Com’hai fatto a nasconderti alla vista degli altri? Ti sei mimetizzato tra le foglie dei cespugli o nell’ombra delle case, fors’anche della tua, prima di fare sparire la bomboletta dello spray usato, l’arma della tua audace vendetta? Quando ho visto l’effetto del tuo gesto vandalico, pur turbato dal dover portare con me il simbolo di ciò che più di ogni altro si identifica con l’arroganza della violenza, con l’illegalità fatta sistema di potere e di oppressione, con la menzogna della disinformazione “corretta”, mi sono ripreso pensando che, in fin dei conti, non me l’avevi incendiata, com’è prassi per la gente come te!
Non credo poi di sbagliare pensando che tu eri solo mentre tracciavi, nell’inebriante orgasmo dell’avventura, le stelle di Davide.
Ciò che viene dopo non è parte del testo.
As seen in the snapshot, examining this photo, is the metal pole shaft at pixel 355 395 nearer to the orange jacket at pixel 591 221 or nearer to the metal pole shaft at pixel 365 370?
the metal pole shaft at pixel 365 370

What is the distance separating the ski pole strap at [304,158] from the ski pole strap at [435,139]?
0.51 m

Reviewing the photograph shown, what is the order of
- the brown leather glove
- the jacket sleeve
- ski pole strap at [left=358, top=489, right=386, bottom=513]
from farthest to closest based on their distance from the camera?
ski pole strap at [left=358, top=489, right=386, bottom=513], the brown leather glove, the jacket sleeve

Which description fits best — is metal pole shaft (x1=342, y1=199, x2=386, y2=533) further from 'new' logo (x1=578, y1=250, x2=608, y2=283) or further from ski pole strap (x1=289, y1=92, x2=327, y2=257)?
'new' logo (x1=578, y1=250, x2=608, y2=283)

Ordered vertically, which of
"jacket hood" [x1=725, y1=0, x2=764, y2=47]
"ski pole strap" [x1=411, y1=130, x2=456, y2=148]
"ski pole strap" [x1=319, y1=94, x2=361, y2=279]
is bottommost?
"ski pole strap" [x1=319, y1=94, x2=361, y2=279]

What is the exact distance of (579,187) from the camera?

E’ vero, una quindicina di facinorosi con le bandiere dello stato di Israele avevano cercato di turbare la tranquillità della manifestazione , ma erano state tenute a distanza dalle forze dell’ordine. Se qualcuno di loro ti fosse stato complice nel tuo atto ardimentoso, di certo avrei trovato l’auto decorata da un firmamento di stelle, oppure totalmente distrutta. Ma in questo sta il tuo orgoglio: hai affrontato il pericolo tutto da solo! Non credo, però, che sarai tanto stupido da farti avanti e gridare: sono stato io!
Un ufficiale del corpo dei carabinieri della Stazione Roma – Parioli ha fatto tutti i rilievi del caso, comprese le foto delle tue opere d’arte. Qui, a Firenze, ho fatto la denuncia dell’atto vandalico subito alla Stazione dei Carabinieri di Campo di Marte.
Ma tu starai ridendo al pensiero: che ingenuo! Altre aggressioni sono state fatte a Roma, nel passato più o meno recente, da esponenti della comunità ebraica nei confronti di manifestanti a favore della Palestina e mai nessuno è stato inquisito! Certo, per una svastica nazista, tutti si sarebbero mossi, una pletora di rappresentanti politici avrebbero fatto sentire la loro doverosa condanna dello sfregio, tutti i media ne avrebbero parlato. Che cosa vuoi che sia un’auto vandalizzata da tre azzurre stelle di Davide? Che sarà mai che dei pacifici manifestanti filo-palestinesi debbano chiedere alle forze dell’ordine, preposte, garanzie di sicurezza per potersi allontanare dal luogo dell’evento? E’ assurdo!
Ma la comunità ebraica romana che nutre nel proprio seno una carica di tale violenza, che fa? Come mai non espelle, ma anzi tutela, chi fa della violazione del diritto degli altri una prassi di vita? Come fa a credersi sempre una vittima, sempre aggredita, e mai un aggressore irresponsabile? Come fa a ritenere che la tragedia subita nel passato rappresenti l’alibi per qualsiasi crimine, per qualsiasi violazione del diritto, quasi che le norme che regolano il comportamento tra le persone civili non la riguardino?